→ **Provided information**

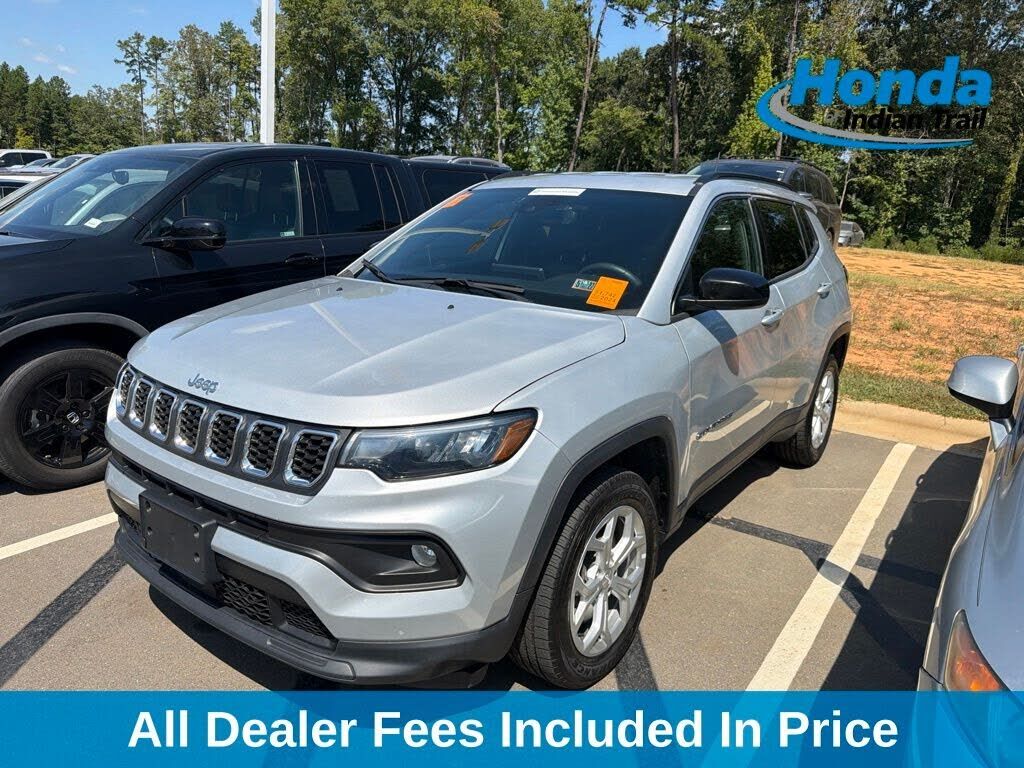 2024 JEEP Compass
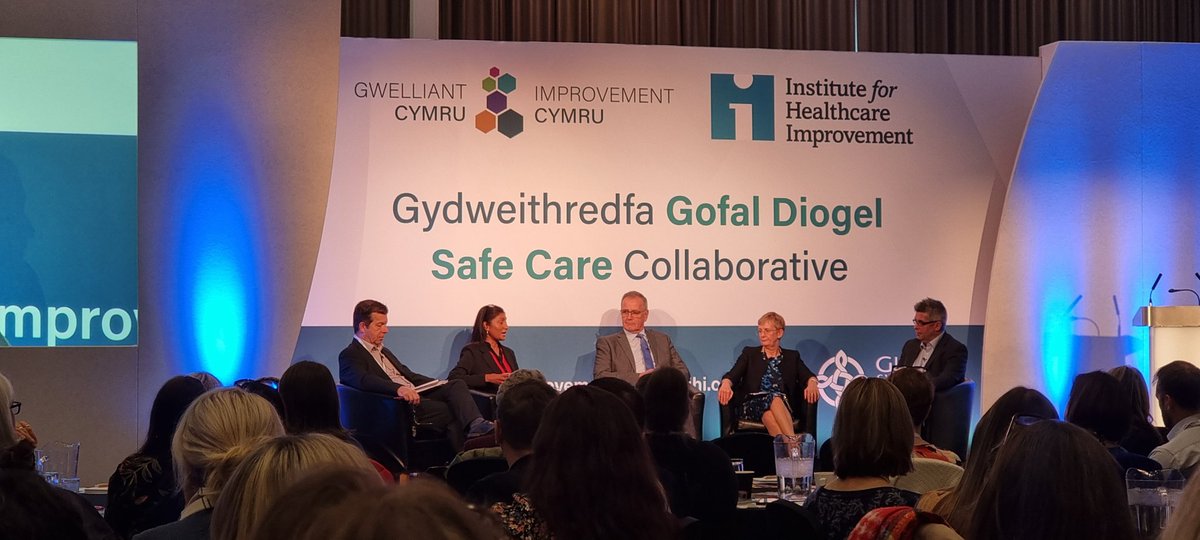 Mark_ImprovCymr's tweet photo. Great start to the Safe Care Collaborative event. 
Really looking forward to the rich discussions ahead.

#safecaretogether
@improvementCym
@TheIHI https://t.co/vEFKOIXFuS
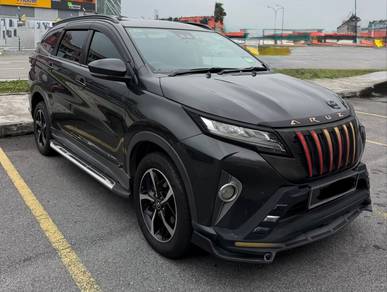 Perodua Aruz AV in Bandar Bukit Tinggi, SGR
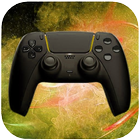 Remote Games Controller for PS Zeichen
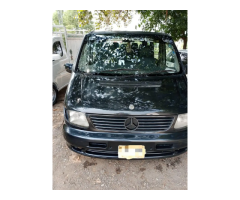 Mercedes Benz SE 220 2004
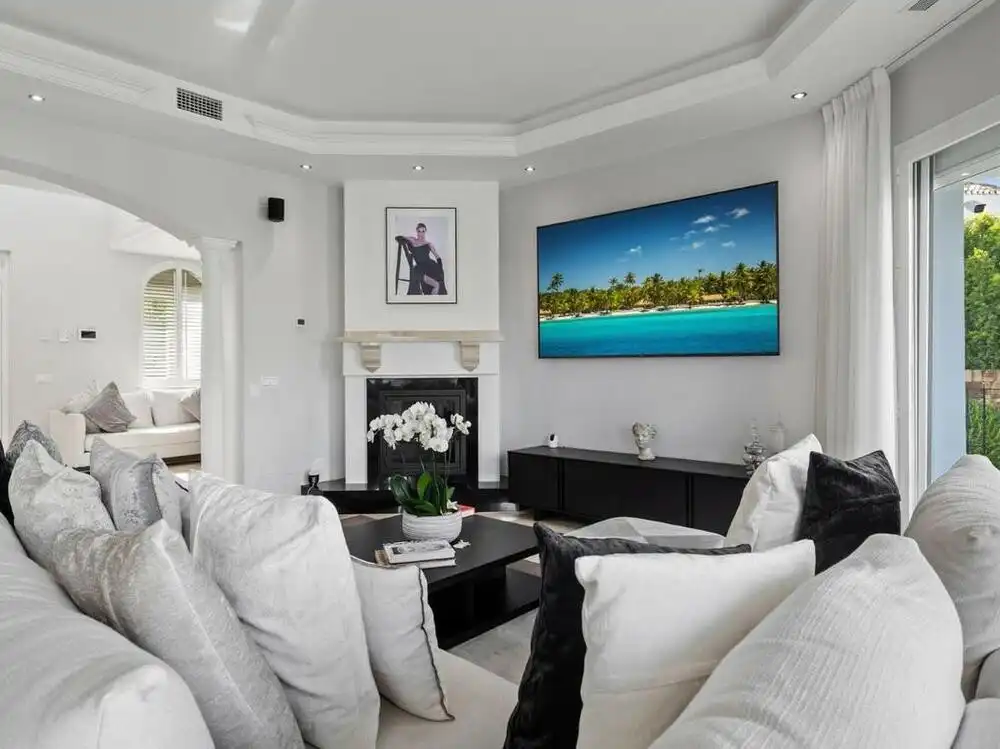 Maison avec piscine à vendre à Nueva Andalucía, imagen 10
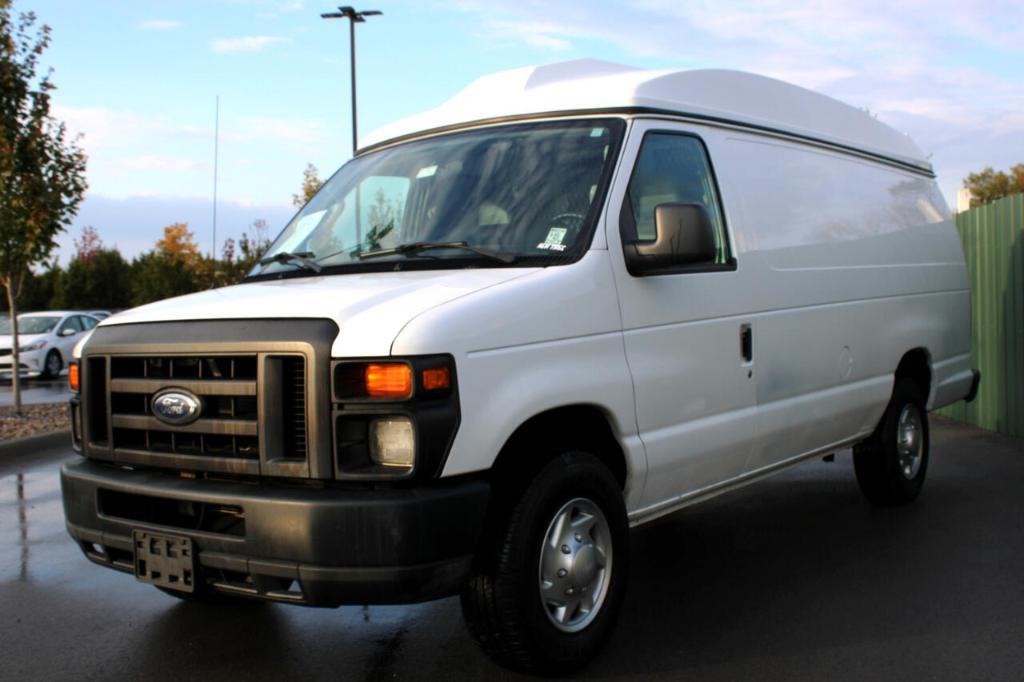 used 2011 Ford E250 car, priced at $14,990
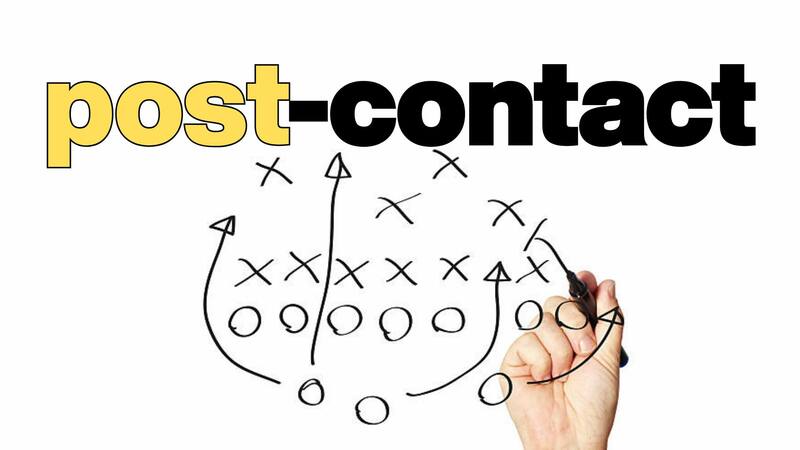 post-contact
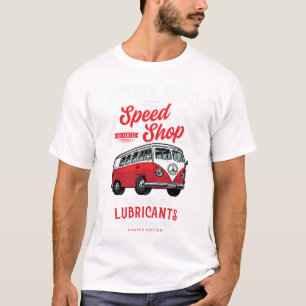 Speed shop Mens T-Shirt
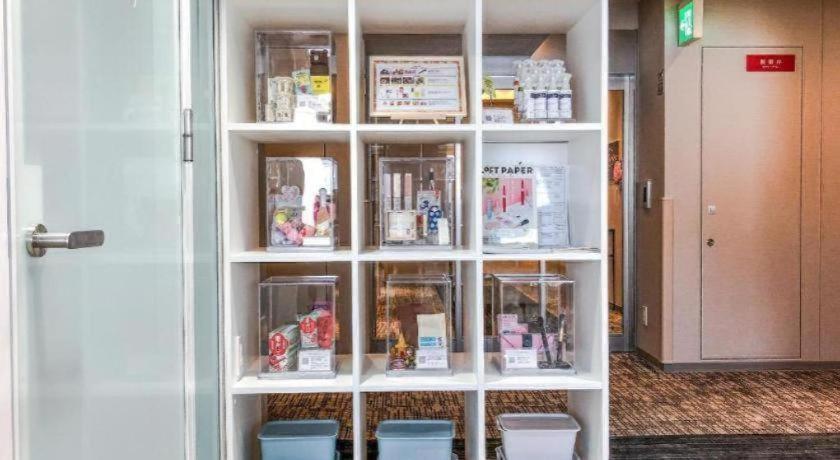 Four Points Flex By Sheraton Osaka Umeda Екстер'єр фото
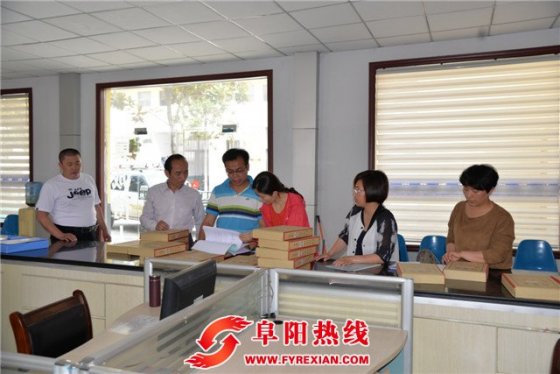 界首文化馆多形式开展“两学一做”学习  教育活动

* * *

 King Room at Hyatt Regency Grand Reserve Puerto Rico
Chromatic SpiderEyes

→ **Your task**
Copy the entries above exactly, but only the stretch from the line containing "2024 JEEP Compass" through the line containing "Remote Games Controller for PS Zeichen". Keep both end lines; drop the pictures.

→ **Answer to this exercise**
 2024 JEEP Compass
 Mark_ImprovCymr's tweet photo. Great start to the Safe Care Collaborative event. 
Really looking forward to the rich discussions ahead.

#safecaretogether
@improvementCym
@TheIHI https://t.co/vEFKOIXFuS
 Perodua Aruz AV in Bandar Bukit Tinggi, SGR
 Remote Games Controller for PS Zeichen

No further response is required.